Comment 12 Knud Poulsen 2014-06-10 18:24:47 UTC
Created attachment 138951 [details]
unofficial Lenovo ssd fw LB3i which /may/ fix this

unofficial Lenovo fw LB3i from: http://forums.lenovo.com/t5/X-Series-ThinkPad-Laptops/x230-SATA-errors-with-180GB-Intel-520-SSD-under-heavy-write-load/td-p/1066041/page/5 , unzip with password: Lenovo
Comment 13 Knud Poulsen 2014-06-12 07:34:37 UTC
The LB3i firmware for 520 ssd's alleviates (but does not solve) the problem in my case. The ssd still becomes unresponsive under continuous write, but after a significantly longer time than with the previous firmware, up from 10 minutes to 30 minutes in my case, this only happens on the Lenovo laptop, not when hooking it up to another computer.
Comment 14 Christoph Gritschenberger 2014-06-13 08:35:03 UTC
I had no luck with the LB3i-firmware. Still got a bluescreen on Windows.
Sadly Lenovo refuses to admit the bug (despite my efforts to proof and reproduce it)

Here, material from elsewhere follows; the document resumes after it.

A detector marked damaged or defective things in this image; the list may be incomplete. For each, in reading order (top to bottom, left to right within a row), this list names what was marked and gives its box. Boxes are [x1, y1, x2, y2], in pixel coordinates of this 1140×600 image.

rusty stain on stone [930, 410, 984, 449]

Comment 15 Csaba Csordás 2016-05-15 17:07:33 UTC
I'm having the same problem. The newest experimental Lenovo firmware did not resolve the issue. So, this drive is useless. Wish I could flash it with the Intel firmware 400i.
Comment 16 Csaba Csordás 2016-05-15 17:15:12 UTC
Created attachment 216331 [details]
SSDSC2BW180A3L with LE1i firmware in a T430, UEFI G1ETB0WW (2.70 ) 01/21/2016
Comment 17 Csaba Csordás 2016-05-15 17:15:19 UTC
Created attachment 216341 [details]
SSDSC2BW180A3L with LB3i firmware in a T430, UEFI G1ETB0WW (2.70 ) 01/21/2016
Comment 18 Csaba Csordás 2016-05-23 16:48:54 UTC
Interestingly, Hewlett Packard has also released the LB3i firmware version in sp61213.
They also mention:
"For the Intel SSD 520 Series models: 
- Provides improved PHY margin setting to prevented losing the link to the SATA

However, that is for the "HP variant" of SSDSC2BW180A3: "INTEL SSDSC2BW180A3H="180GB Intel SSD 520 Series Drive".